Airbnb vient de dévoiler le montant record des taxes de séjour reversées aux communes françaises pour l’année 2025. Avec 210 millions d’euros collectés, la plateforme confirme l’importance du tourisme locatif, particulièrement dans les Alpes-Maritimes qui affichent une croissance exceptionnelle de… 35 % !
Le bilan annuel est tombé, et les chiffres donnent le vertige. Pour l’exercice 2025, la plateforme de location Airbnb a reversé un peu plus de 210 millions d’euros de taxes de séjour à 26 600 communes et intercommunalités de l’Hexagone.
Une manne financière en hausse de 5 % par rapport à l’année précédente, confirmant que l’attrait pour le meublé de tourisme ne s’essouffle pas après l’élan des Jeux olympiques de 2024.
Les Alpes-Maritimes dans le peloton de tête national
Au cœur de cette dynamique nationale, notre département se distingue de manière spectaculaire. Avec 15 millions d’euros collectés l’an dernier, les Alpes-Maritimes enregistrent une croissance de 35 % sur un an.

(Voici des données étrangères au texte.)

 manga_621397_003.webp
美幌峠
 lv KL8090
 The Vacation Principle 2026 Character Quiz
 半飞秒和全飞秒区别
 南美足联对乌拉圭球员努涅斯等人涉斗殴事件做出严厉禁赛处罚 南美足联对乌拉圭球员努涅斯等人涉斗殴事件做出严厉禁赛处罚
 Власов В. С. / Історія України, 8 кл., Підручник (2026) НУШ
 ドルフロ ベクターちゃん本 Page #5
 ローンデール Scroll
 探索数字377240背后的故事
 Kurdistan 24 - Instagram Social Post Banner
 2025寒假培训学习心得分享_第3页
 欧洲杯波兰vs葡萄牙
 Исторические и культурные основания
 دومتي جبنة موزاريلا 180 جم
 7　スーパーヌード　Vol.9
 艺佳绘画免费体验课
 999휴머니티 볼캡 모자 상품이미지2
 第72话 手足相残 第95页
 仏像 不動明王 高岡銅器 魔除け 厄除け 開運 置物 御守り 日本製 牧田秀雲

Cette performance place le territoire à la 5e place des plus fortes progressions départementales en France. C’est une exclusivité régionale, aucun autre département de PACA ne figure dans le « top 10 » de cette catégorie.
Dans le détail des villes, Nice s’impose. Avec 5,7 millions d’euros reversés par le géant de la location, la capitale azuréenne occupe la deuxième place du podium français, juste derrière Paris (25 millions d’euros) et devant Marseille (3,2 millions d’euros). Nos voisins ne sont pas en reste, puisque Cannes se classe 4e avec 2,6 millions d’euros et Antibes 6e avec 1,8 million d’euros…
Une ascension fulgurante à Nice !
Le montant record de 5,7 millions d’euros enregistré en 2025 n’est pas un incident de parcours, mais l’aboutissement d’une progression plutôt constante. En 2023, Airbnb avait déjà reversé environ 2,4 millions d’euros à la ville, marquant une hausse de 71 % par rapport à l’année précédente. Cette dynamique s’est confirmée en 2024 avec un montant grimpant à 4,2 millions d’euros, porté par l’effet des JO. En franchissant aujourd’hui le cap des 5,7 millions d’euros, Nice consolide plus que jamais sa position de deuxième ville de France en termes de recettes fiscales générées par la plateforme.
Et ça n’est pas prêt de reculer à Nice
Alors que la précédente municipalité avait multiplié les restrictions, l’équipe actuelle dirigée par Éric Ciotti propose une approche différente. L’heure ne serait plus à la surenchère réglementaire mais à l’apaisement pour les propriétaires locaux, à lire le programme porté par le député UDR durant la campagne.
Un « moratoire réglementaire » a été promis afin de suspendre l’apparition de nouvelles contraintes administratives. L’idée, rendre le cadre juridique plus lisible et plus solide, évitant ainsi les recours juridiques qui ont annulé plusieurs dispositifs municipaux ces dernières années.
Parmi les nouveautés attendues, la création d’un statut de « loueur occasionnel » devrait permettre de simplifier les démarches sur internet. Si des contrôles ciblés resteront la règle en cas de fraude ou de nuisances, la municipalité concentre désormais ses efforts contre les « abus professionnels ».